::: LISTED RECORDS :::

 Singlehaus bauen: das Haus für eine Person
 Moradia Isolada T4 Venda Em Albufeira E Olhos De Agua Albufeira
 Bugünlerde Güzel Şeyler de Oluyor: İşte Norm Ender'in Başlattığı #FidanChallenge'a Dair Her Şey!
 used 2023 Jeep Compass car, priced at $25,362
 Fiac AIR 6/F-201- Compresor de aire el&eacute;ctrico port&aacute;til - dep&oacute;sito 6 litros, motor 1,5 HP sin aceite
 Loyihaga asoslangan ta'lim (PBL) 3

:::
::: LISTED RECORDS :::

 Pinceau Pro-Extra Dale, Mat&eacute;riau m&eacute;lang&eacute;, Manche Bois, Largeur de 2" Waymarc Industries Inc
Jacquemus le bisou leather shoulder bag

:::
::: LISTED RECORDS :::

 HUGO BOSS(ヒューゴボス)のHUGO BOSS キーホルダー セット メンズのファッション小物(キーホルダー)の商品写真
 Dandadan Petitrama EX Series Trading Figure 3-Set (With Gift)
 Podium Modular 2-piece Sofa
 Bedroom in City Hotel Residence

:::

◆ TASK PROMPT ◆
Working from the records above, write out verbatim only the lines from the line containing "Bugünlerde Güzel Şeyler" through the line containing "Loyihaga asoslangan ta'lim (PBL) 3".

◆ ANSWER TO THE PROBLEM ◆
 Bugünlerde Güzel Şeyler de Oluyor: İşte Norm Ender'in Başlattığı #FidanChallenge'a Dair Her Şey!
 used 2023 Jeep Compass car, priced at $25,362
 Fiac AIR 6/F-201- Compresor de aire el&eacute;ctrico port&aacute;til - dep&oacute;sito 6 litros, motor 1,5 HP sin aceite
 Loyihaga asoslangan ta'lim (PBL) 3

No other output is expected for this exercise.